Une autre vision de la mode #2 – Yohji Yamamoto

Yohji Yamamoto est un esthète.

Ce n’est pourtant pas ce qui saute aux yeux lorsque l’on regarde ses créations, qui sont loin d’incarner les canons d’esthétique et d’élégance de la mode occidentale. Le couturier s’attache à établir de nouveaux principes liés au corps et au vêtement, selon quelques notions héritées de son Japon d’origine. Ces principes nous sont étrangers, ce sont l’amour de la contrainte, la subtilité de la beauté, la perfection incomplète, en somme ce qui caractérise chaque chose que crée la nature.

 

Plus proches de l’anti-mode que de la mode, les vêtements griffés Y’s, la marque que crée Yamamoto en 1972 lorsqu’il est encore à Tokyo, sont rapiécés, déguenillés, décousus et reconstruits selon une logique qui nous échappe facilement. Ses «linceuls» sont pourtant empreints de douceur et d’une aura étrange qui enveloppent le corps humain sans lui imposer ses formes. Usant de couleurs fortes et monochromes telles le noir à ses débuts, le rouge puis le blanc plus tard, Yamamoto ne veut pas que le vêtement influence le regard que l’on pose sur celui ou celle qui le porte, et contribue à reconstruire un modèle féminin dominant.

La clé de compréhension de l’univers du couturier pourrait être cette phrase :

«Il n’y a rien de plus ennuyeux qu’un look soigné»
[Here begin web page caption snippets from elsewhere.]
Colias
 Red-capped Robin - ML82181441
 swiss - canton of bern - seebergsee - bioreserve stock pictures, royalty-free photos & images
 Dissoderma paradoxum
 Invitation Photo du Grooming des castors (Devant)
203_xl_AC07755phrase imprimée sur la griffe qu’il possédait avec Rei Kawakubo, alors sa femme, dans les années 80. Ces notions, qui nous paraissent «antiséduisantes », loin du glamour vers lequel glissait alors la mode sous les coups des Galliano, Mugler et Montana entre autres, sont celles que l’on retrouve dans l’idée du périssable, du respect de la nature vouée à disparaître pour renaître, et sont par ailleurs fortement liées au shintoïsme. La cérémonie du thé, qui fait l’éloge de la modestie, de la pureté, de l’harmonie entre celui qui prépare le thé et ses hôtes, pourrait être le point de départ du cheminement du couturier et symboliser l’osmose entre la personnalité qui porte le vêtement et ce dernier.
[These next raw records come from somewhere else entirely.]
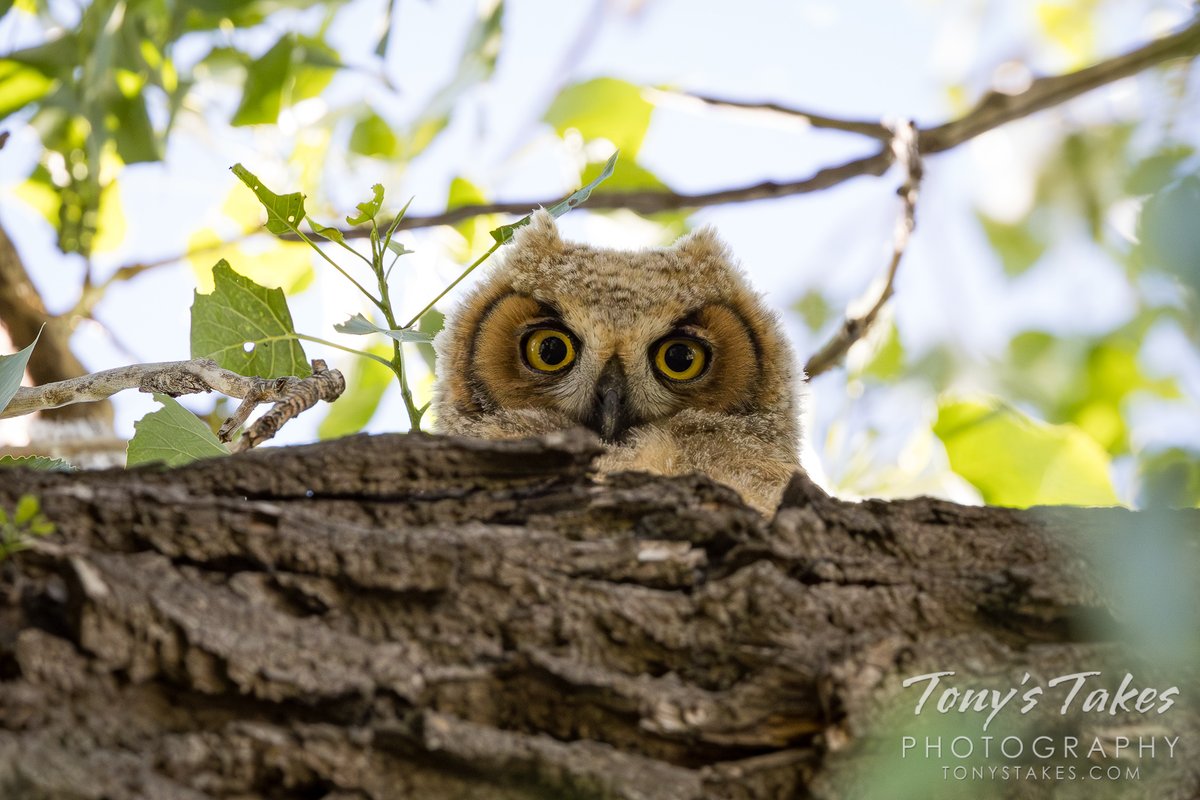 TonysTakes's tweet photo. Little owl, big eyes. Check out this cutie! It is one of three great horned owl owlets at my local nest. Clearly it was well aware that I was there on this day. ;-) 

#owl #greathornedowl #owlet #birding #wildlife #wildlifephotography #Colorado https://t.co/5e4qNmHM5C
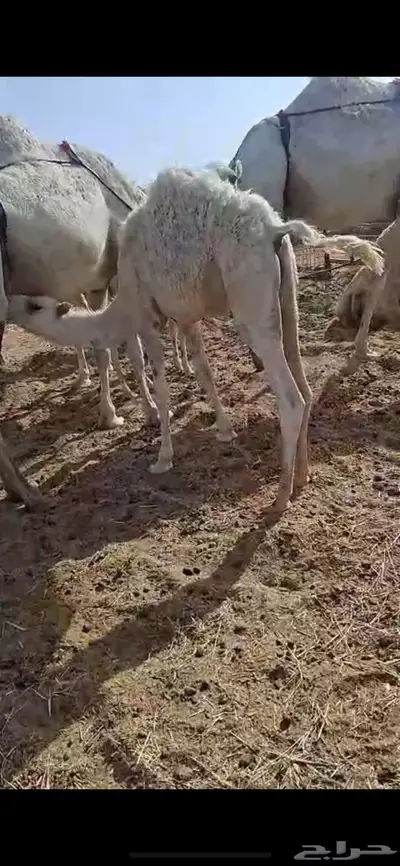 قعود لباني طيبه 1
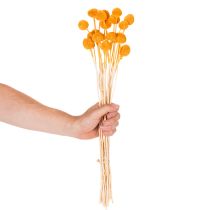 Prodotto Bouquet di fiori secchi Craspedia, 55 cm, 20 pezzi
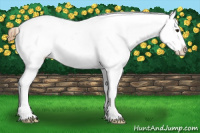 Horse Color:Red Roan Splash Appaloosa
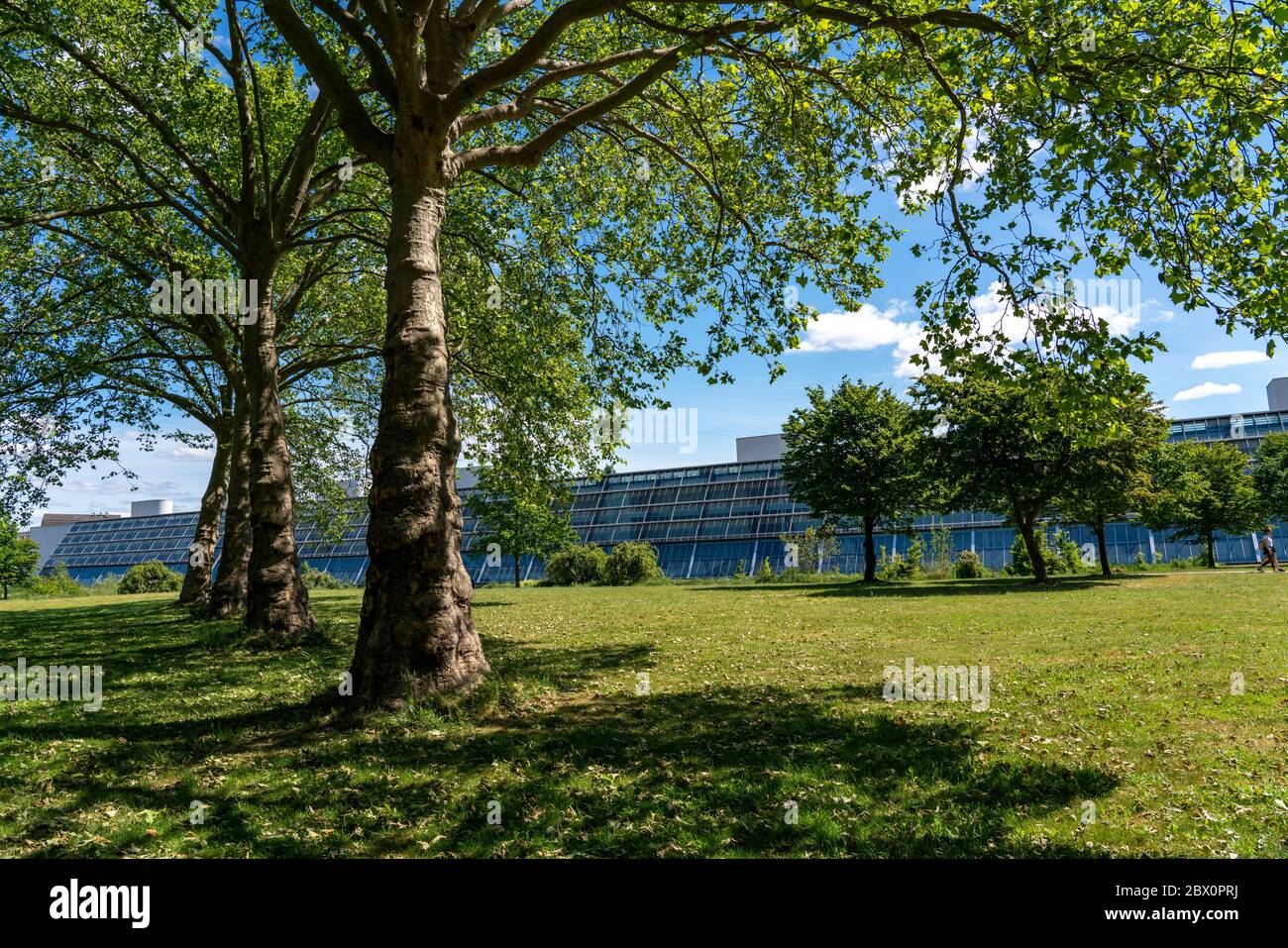 IBA-Projekt Wissenschaftspark Rheinelbe, 300 Meter lange Glashalle, Gelsenkirchen Stockfoto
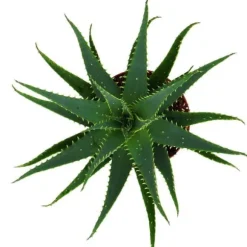 Aloe aborescens i en kruka på 19 cm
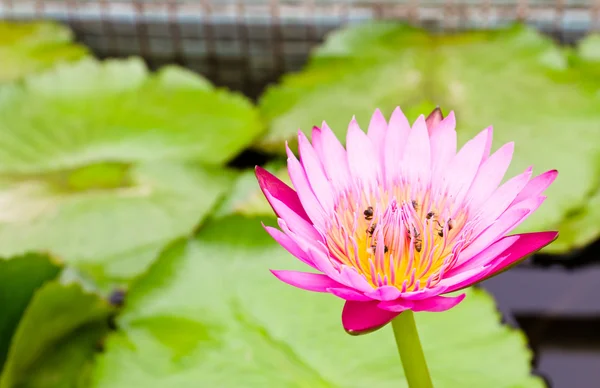 Bees on Water lily — Stock Photo, Image
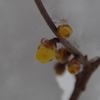 明けましておめでとうございます‐雪の下の蝋梅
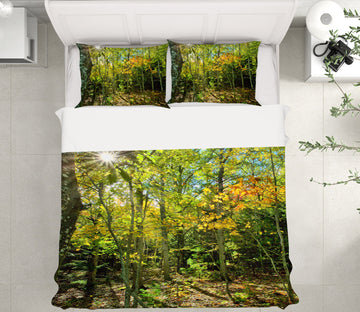 3D Forest 62174 Kathy Barefield Bedding Bed Pillowcases Quilt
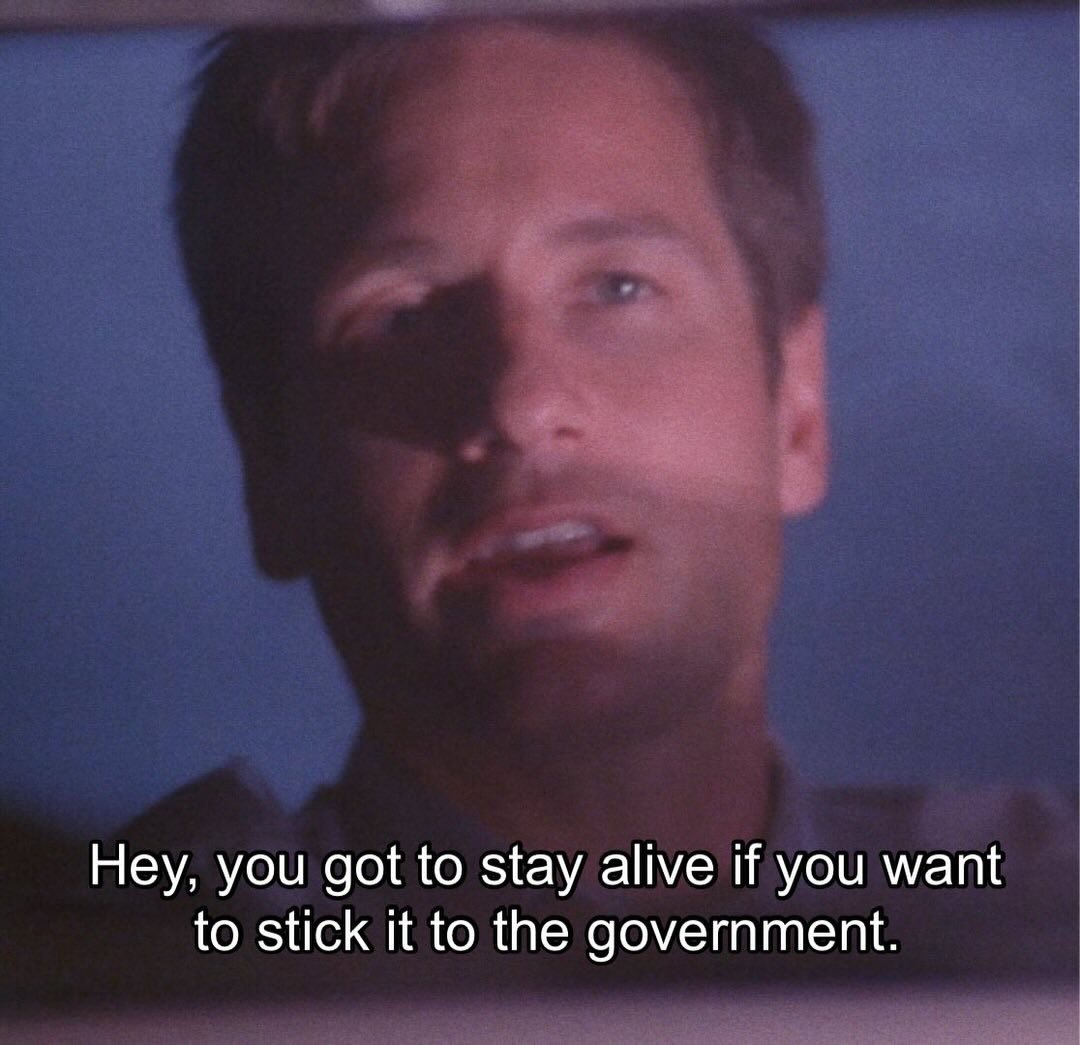 Mulder Inspirational Blank Meme Template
Bien que semblant aux antipodes de la mode occidentale, longtemps dominée par la Haute Couture parisienne, les créations de Yamamoto reposent sur des principes directement hérités de celle-ci. Des couturiers majeurs du XXe siècle comme Paul Poiret, Madeleine Vionnet ou Christian Dior ont même véritablement inspiré certaines de ses créations.

 

Esthète, féministe, Yohji Yamamoto est sensible à la Haute Couture et à la mode française, tout en lui insufflant une vision nouvelle qui ne pouvait venir que d’ailleurs. Si aujourd’hui le couturier ne fait plus vraiment d’anti-mode, il n’en demeure pas moins que ses créations auront permis à la mode de se renouveler d’une manière aussi inattendue qu’irrémédiable.